#### RECORDS FOR THIS EXERCISE

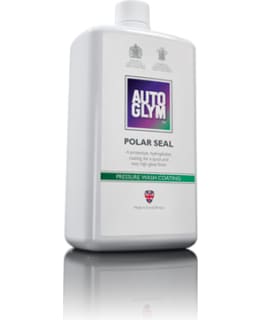 AUTOGLYM 1L POLAR SEAL PINNOITE Main Image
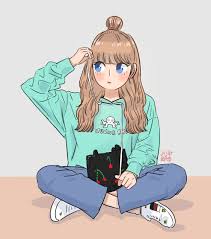Find blackpink wallpapers hd for desktop computer. Jujiir Rpg 32 1 On Twitter Lisa Blackpink Wallpaper Blackpink Lisa Black Pink Kpop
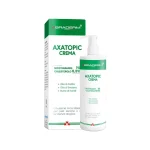Axatopic cream
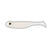Frosted Shad
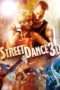 Nonton Streaming Download Drama StreetDance 3D (2010) Subtitle Indonesia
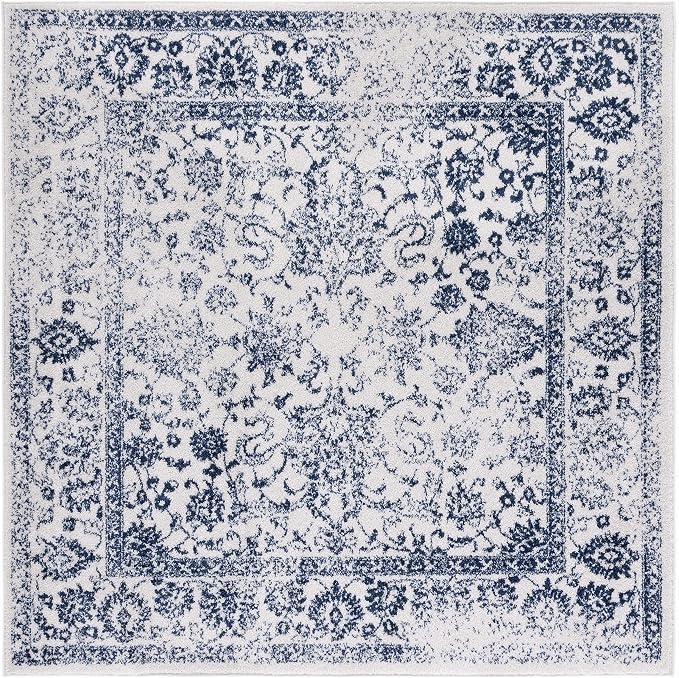 SAFAVIEH Adirondack Collection Area Rug - Image 3
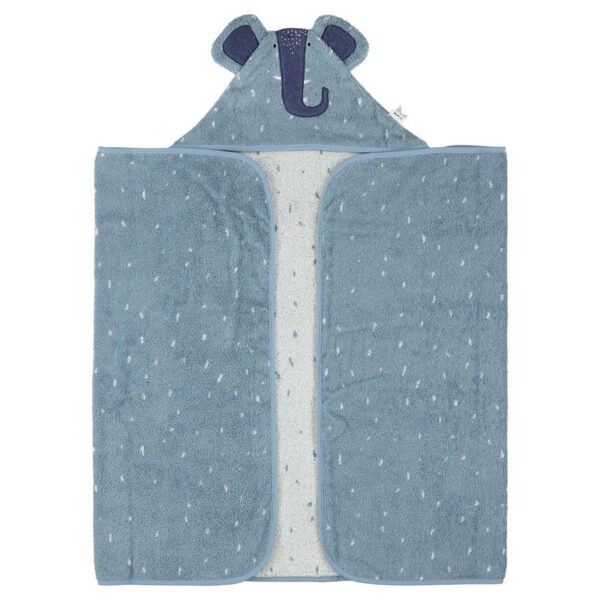 5400858118813-cape-de-bain--70x130cm---mrs-elephant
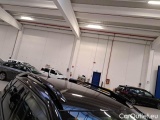  Citroen  C3 CITROEN  AIRCROSS / 2021 / 5P / SUV BLUEHDI 110 SeS SHINE #22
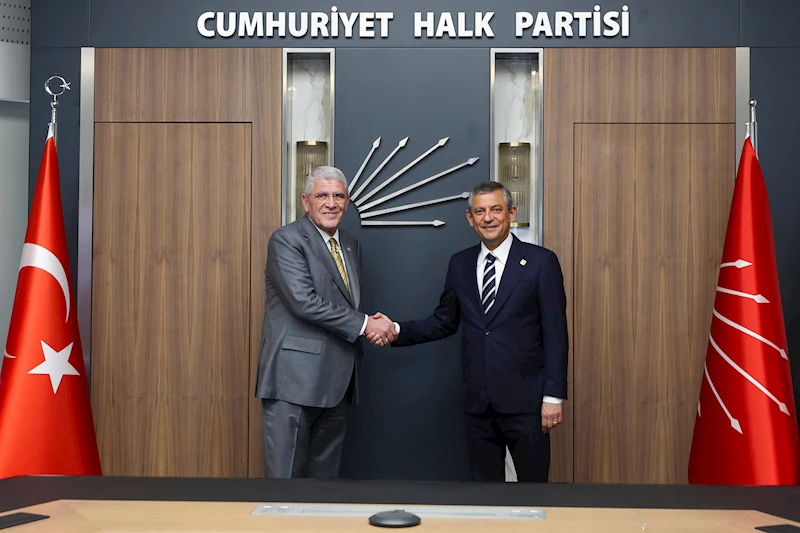 Dervişoğlu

#### INSTRUCTIONS TO FOLLOW
Take the line containing "Frosted Shad" through the last line of the material and retype exactly those lines, both ends included, with no pictures.

#### OUTPUT
Frosted Shad
 Nonton Streaming Download Drama StreetDance 3D (2010) Subtitle Indonesia
 SAFAVIEH Adirondack Collection Area Rug - Image 3
 5400858118813-cape-de-bain--70x130cm---mrs-elephant
  Citroen  C3 CITROEN  AIRCROSS / 2021 / 5P / SUV BLUEHDI 110 SeS SHINE #22
 Dervişoğlu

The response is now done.